Wednesday, November 6, 2013

Olympic Torch in Space: A Prelude to Space Olympics?



With the Olympic Torch for the 2014 Sochi Winter Olympics in a six-hour sprint to the International Space Station, is this just a prelude for an eventual “Space Olympics”? 

By: Ringo Bones

After blasting off from the Baikonur Cosmodrome in Kazakhstan Russian cosmonaut Mikhail Tyurin, together with NASA astronaut Rick Mastracchio and Koichi Wakata of Japan will be carrying the Olympic Torch slated for the 2014 Sochi Winter Olympics up to the low-Earth orbit of the International Space Station for a first-ever space-walk with the Olympic Torch in a literally out-of-this world venue. Even though the Olympic Torch will be tethered for safety reasons to whomever be carrying it for an EVA (extra-vehicular activity – i.e. space-walk) this Saturday, it would be the first time ever in the history of the Olympic Games that the torch has taken an “out-of-this –world-route” en route to its venue for the opening ceremonies of the next year’s Winter Olympic Games. But will it also signal for a first ever “Space Olympics”? 

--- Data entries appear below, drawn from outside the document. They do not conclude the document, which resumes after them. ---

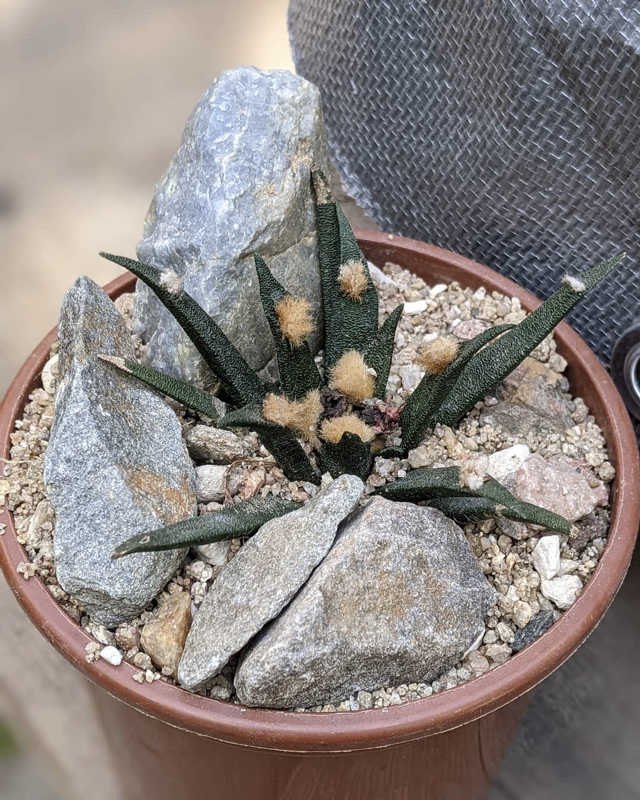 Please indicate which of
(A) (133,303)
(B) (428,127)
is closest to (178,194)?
(A) (133,303)

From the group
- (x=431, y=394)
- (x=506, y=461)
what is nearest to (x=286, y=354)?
(x=431, y=394)

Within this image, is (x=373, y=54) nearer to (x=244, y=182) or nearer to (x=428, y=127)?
(x=428, y=127)

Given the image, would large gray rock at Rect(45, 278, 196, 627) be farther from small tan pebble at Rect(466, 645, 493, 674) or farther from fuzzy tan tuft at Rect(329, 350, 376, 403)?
small tan pebble at Rect(466, 645, 493, 674)

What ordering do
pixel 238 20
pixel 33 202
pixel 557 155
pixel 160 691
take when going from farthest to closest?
pixel 238 20
pixel 33 202
pixel 557 155
pixel 160 691

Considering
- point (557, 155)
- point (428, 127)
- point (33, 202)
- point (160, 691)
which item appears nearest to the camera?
point (160, 691)

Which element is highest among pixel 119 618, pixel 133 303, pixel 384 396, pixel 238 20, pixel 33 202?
pixel 238 20

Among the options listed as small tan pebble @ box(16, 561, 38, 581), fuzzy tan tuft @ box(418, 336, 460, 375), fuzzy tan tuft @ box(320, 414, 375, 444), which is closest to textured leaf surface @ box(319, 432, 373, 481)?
fuzzy tan tuft @ box(320, 414, 375, 444)

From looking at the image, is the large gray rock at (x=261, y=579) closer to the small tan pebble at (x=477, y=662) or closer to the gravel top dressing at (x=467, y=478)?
the gravel top dressing at (x=467, y=478)
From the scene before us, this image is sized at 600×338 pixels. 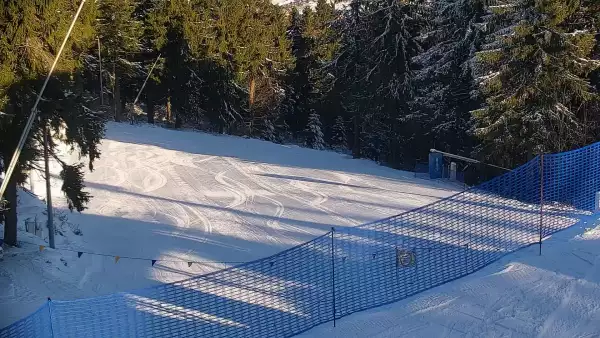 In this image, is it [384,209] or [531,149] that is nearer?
[384,209]

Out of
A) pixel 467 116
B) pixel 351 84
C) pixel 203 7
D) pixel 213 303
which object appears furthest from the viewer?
pixel 203 7

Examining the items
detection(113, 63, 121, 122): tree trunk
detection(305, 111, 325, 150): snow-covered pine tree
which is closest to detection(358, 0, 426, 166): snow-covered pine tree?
detection(305, 111, 325, 150): snow-covered pine tree

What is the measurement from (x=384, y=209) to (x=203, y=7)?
32.9m

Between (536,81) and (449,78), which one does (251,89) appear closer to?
(449,78)

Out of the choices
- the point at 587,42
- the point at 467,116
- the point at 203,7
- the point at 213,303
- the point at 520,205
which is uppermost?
the point at 203,7

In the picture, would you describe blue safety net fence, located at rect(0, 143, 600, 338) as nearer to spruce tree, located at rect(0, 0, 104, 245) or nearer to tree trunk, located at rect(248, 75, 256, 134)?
spruce tree, located at rect(0, 0, 104, 245)

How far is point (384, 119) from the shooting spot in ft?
105

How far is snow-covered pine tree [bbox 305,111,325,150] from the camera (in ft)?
148

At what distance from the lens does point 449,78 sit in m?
26.2

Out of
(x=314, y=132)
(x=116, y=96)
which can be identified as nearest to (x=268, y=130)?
(x=314, y=132)

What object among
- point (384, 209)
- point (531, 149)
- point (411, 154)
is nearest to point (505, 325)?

Imagine new legitimate Olympic events like “Weightless Rhythmic Gymnastics” of “Weightless Wrestling” or any other Olympic games performed in the weightless environment of low Earth orbit like that of the International Space Station. Would the launching of the Olympic torch for a space-walk eventually inspire the beginnings of the “Space Olympiad”?